Os horários atrapalham a audiência de Fabinho ao Campeonato Brasileiro, mas ele afirma que sempre vê os gols e melhores momentos das rodadas, especialmente dos primeiros colocados.

"Eu acompanho um pouco o Internacional porque o Boschilia está lá, joguei com ele no Mônaco e gosto muito dele, então sempre vejo os resultados e parece que é um time que está em forma e com confiança. Um dos últimos melhores momentos que vi foi Atlético-MG x Bahia. Só deu Atlético-MG, mas o Bahia acabou ganhando. Já não é a primeira vez que vejo lances do Atlético-MG, é uma equipe que busca o gol, busca dominar a partida, me agradou ver isso. E o Flamengo é o Flamengo desde o ano passado, acho que são essas equipes que me chamaram atenção."
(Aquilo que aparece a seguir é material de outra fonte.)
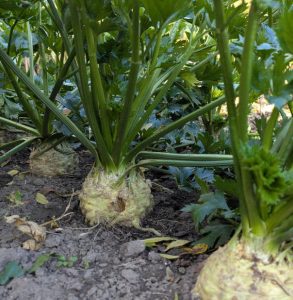 Knollensellerie-Pflanzen mit dicken Knollen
Alguns torcedores do Fluminense às vezes me citam nas redes sociais, mas é um carinho diferente ao de outros jogadores que passaram pelo profissional e tiveram alguns anos, até uma história no clube. Eu nunca liguei para isso, sempre tentei buscar meu espaço dando meu melhor e chegando em grandes equipes como Mônaco e Liverpool, e também na seleção

Fabinho, sobre o distanciamento do torcedor brasileiro

Acho que isso acontece, é normal o torcedor brasileiro ter identificação grande com seu clube. Mas alguma hora você tem o seu reconhecimento e hoje todo mundo sabe quem é o Fabinho, minha maneira de jogar. Isso vem naturalmente, às vezes tarda um pouco ter um pouco mais de atenção, mas nunca foi um problema para mim, sempre fiz o meu trabalho

E sua afirmação na carreira

Carl Recine/Action Images via Reuters

Já ganhou tudo. E agora?

Fabinho diz que, desde a pré-temporada, os jogadores do Liverpool são bombardeados pelo técnico Jurgen Klopp com informações e cobranças para não se acomodarem depois de um ciclo tão grande de títulos. "Estamos na história do clube, mas não podemos parar por aí, seria pouco para a qualidade do nosso grupo. Ele tenta nos empurrar nos treinos, manda esquecer o que as pessoas disseram, que somos os melhores."

Os novos reforços, segundo o volante, adicionam competitividade e ânimo ao grupo. Um deles é Thiago Alcântara, filho do tetracampeão Mazinho, mas que defende a seleção da Espanha.

Mas acima de tudo, é uma cobrança individual. Afinal, como um jogador que atingiu um nível tão alto aos 26 anos planeja a carreira? O primeiro passo é ampliar o contrato válido até 2022: "Tenho esse e mais dois anos de contrato, pretendo cumprir esses três anos e logo ver se tem uma renovação ou não. Mas meu foco hoje é no Liverpool e estou muito feliz aqui."

"Estou em uma liga que é muito boa de jogar, muito competitiva, quando você joga aqui não tem vontade de sair. O Liverpool tem crescido muito nos últimos anos, temos uma equipe forte que tem tudo para seguir assim e o que estamos conquistando com esse grupo tem entrado na história. Podemos entrar cada vez mais e quero fazer parte disso."

Pilar do Liverpool, mas em busca de afirmação na seleção. Como disse Klopp, não dá para parar por aí.